Moet je daarom niet te snel moraliseren over de ongelijke verdeling van risico’s?

“Je moet wel degelijk moraliseren: dat is een belangrijke motor bij het verbeteren van de veiligheid. En het is een vreselijke keuze waar die arbeider op een scheepswerf in Bangladesh zich voor ziet gesteld: of een schip vol asbest helpen afbreken, wat betekent dat hij over tien jaar misschien kanker krijgt, of ontslagen worden.

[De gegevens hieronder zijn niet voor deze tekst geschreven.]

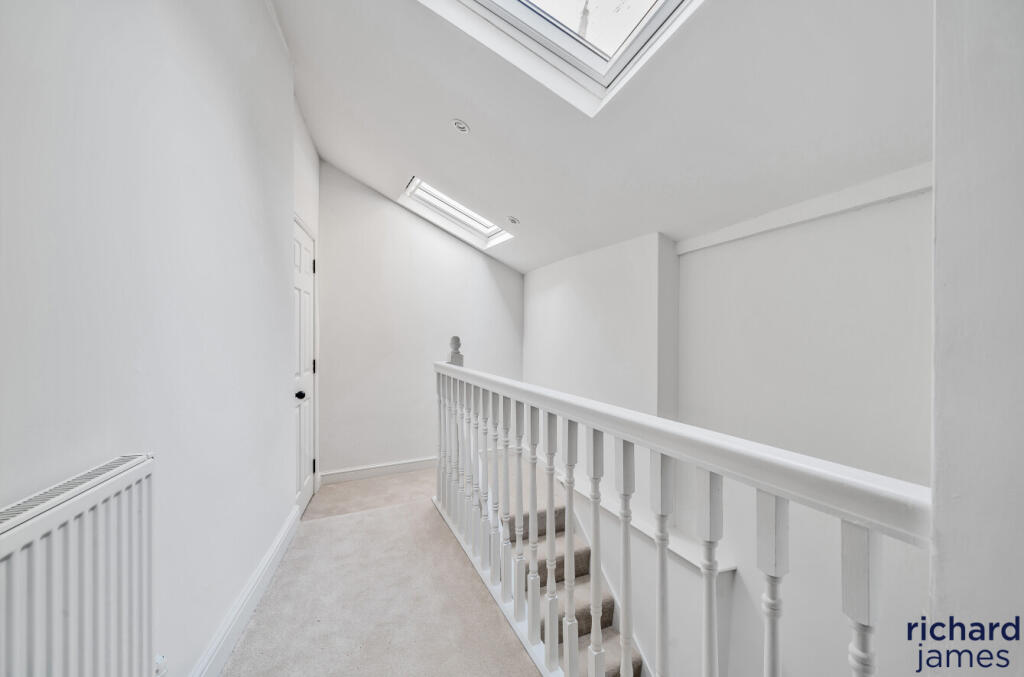 efe59307-3953-47a...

Multinationals als Nike voelen al jaren de druk van vakbonden en consumentenorganisaties om te garanderen dat hun producten onder fatsoenlijke omstandigheden in ontwikkelingslanden worden geproduceerd. Maar dat is een vorm van zelfregulering waar bedrijven uit overtuiging of uit imago-overwegingen aan meedoen. Niet ieder land of bedrijf is daar even gevoelig voor.”

Moet veiligheidskunde dan ook in ontwikkelingslanden uitgroeien tot een vooraanstaande wetenschappelijke discipline?

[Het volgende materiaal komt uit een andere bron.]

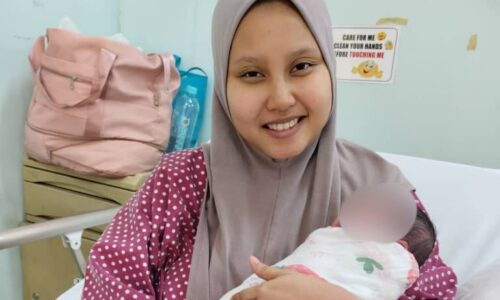 EMPAT BAYI TAHUN BAHARU DI MELAKA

“Wat mij fascineert is de vraag of en hoe andere landen kunnen leren van onze ervaringen in het Westen. De eerste, Britse, veiligheidswetgeving werd anderhalve eeuw geleden geïntroduceerd. Sindsdien hebben we een lange weg afgelegd. Niet-westerse landen moeten dat traject in vijftig jaar afleggen.”

Is dat realistisch?

“Dat is de vraag. Landen als China en India zeggen vaak: we kunnen die sprong niet in één keer maken. Bij veiligheidskunde verzorgen we een cursus op masterniveau voor mensen die werken in de chemische industrie, en één van de cursisten moest in China een joint venture opzetten. Zijn manager zegt dan: de veiligheidsvoorwaarden van de joint venture met China moeten voldoen aan de bestaande, wereldwijde standaard van ons bedrijf. Een nobel streven, maar het duurt jaren voor je zoiets hebt gerealiseerd. Toch ben ik wat China en India betreft optimistisch. Hoe meer een land zich economisch ontwikkelt, hoe meer aandacht er komt voor veiligheidsaspecten.”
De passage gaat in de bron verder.